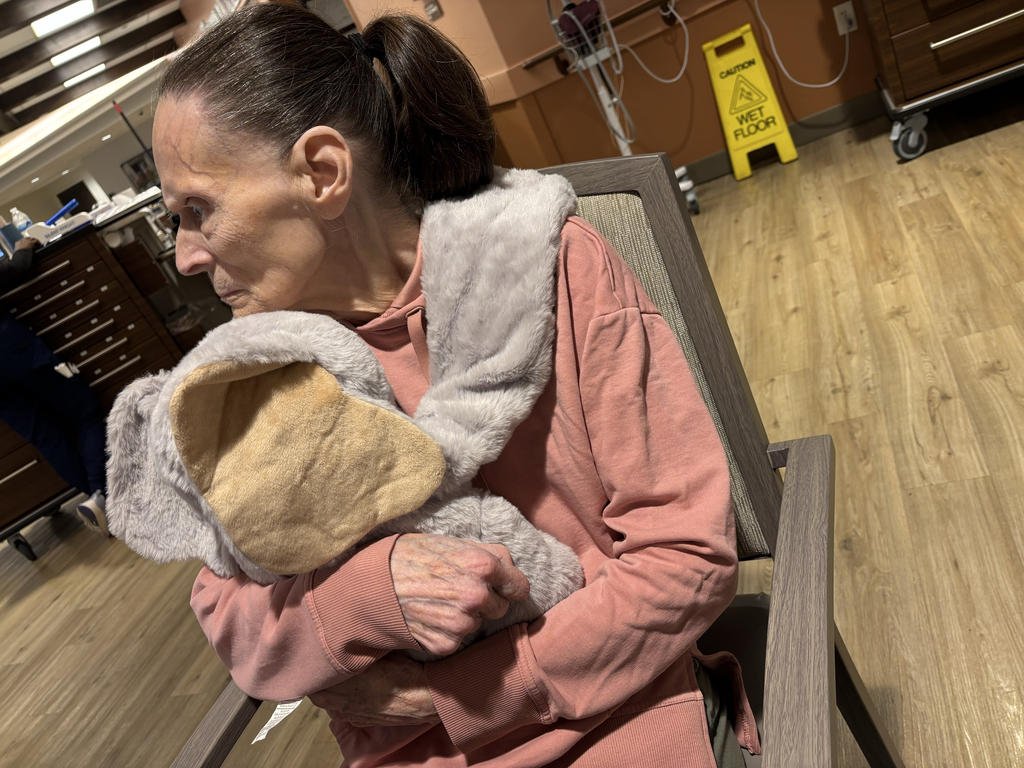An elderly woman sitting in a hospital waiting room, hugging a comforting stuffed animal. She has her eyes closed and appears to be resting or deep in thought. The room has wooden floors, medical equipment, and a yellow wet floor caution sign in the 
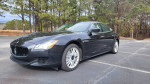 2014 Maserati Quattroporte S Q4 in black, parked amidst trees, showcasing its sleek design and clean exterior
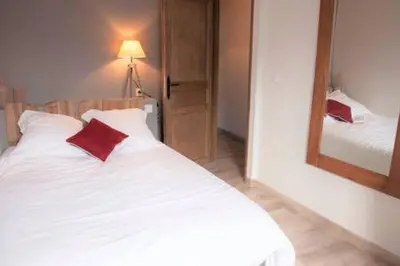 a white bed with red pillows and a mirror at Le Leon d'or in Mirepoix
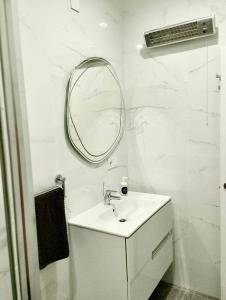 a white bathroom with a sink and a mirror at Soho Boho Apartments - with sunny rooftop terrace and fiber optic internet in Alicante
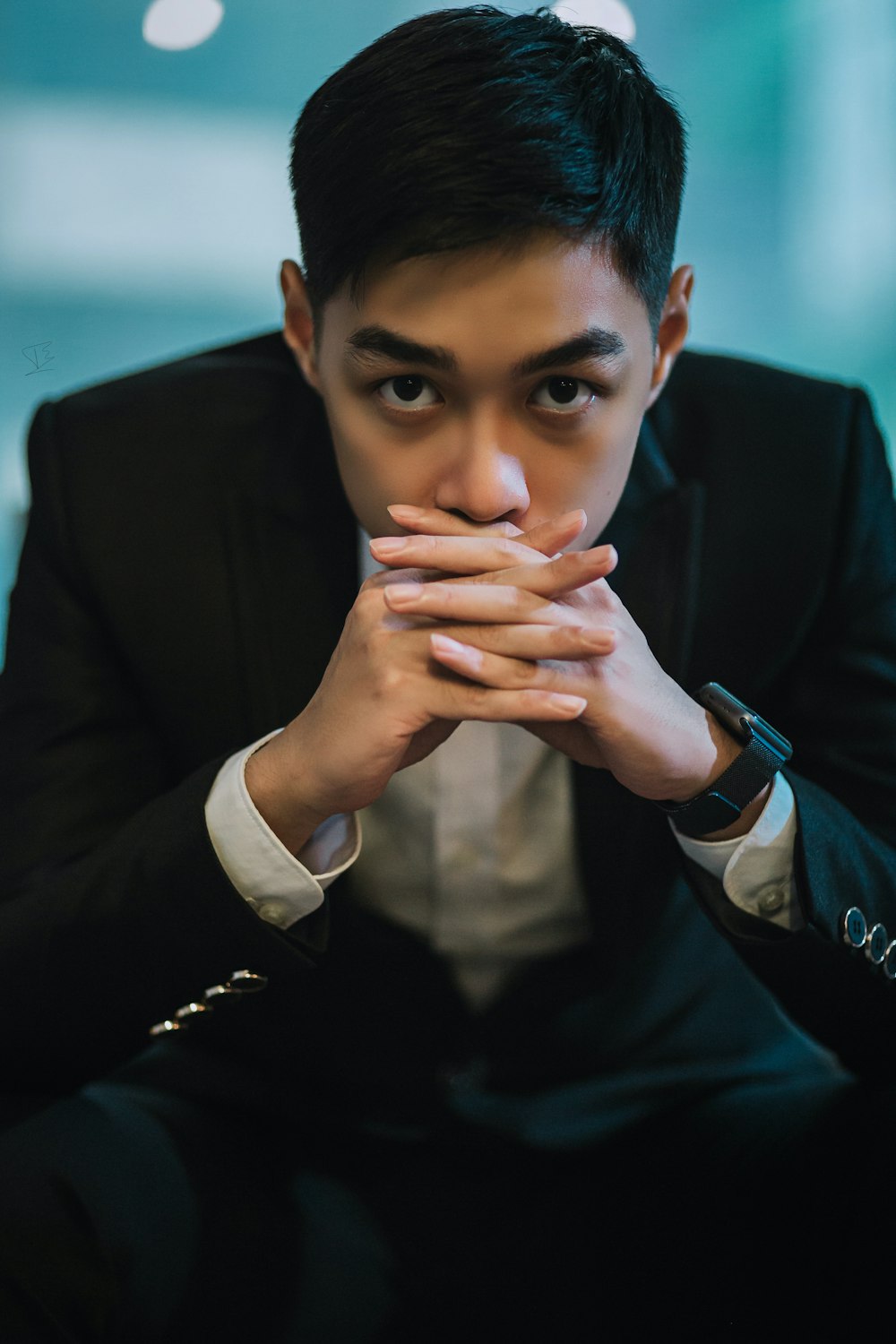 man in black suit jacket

• [YOUR GOAL]
Copy the lines from the line that contains "a white bathroom" through the end of the records, exactly and with nothing added; leave the pictures out.

• [RESPONSE TO THE EXERCISE]
 a white bathroom with a sink and a mirror at Soho Boho Apartments - with sunny rooftop terrace and fiber optic internet in Alicante
 man in black suit jacket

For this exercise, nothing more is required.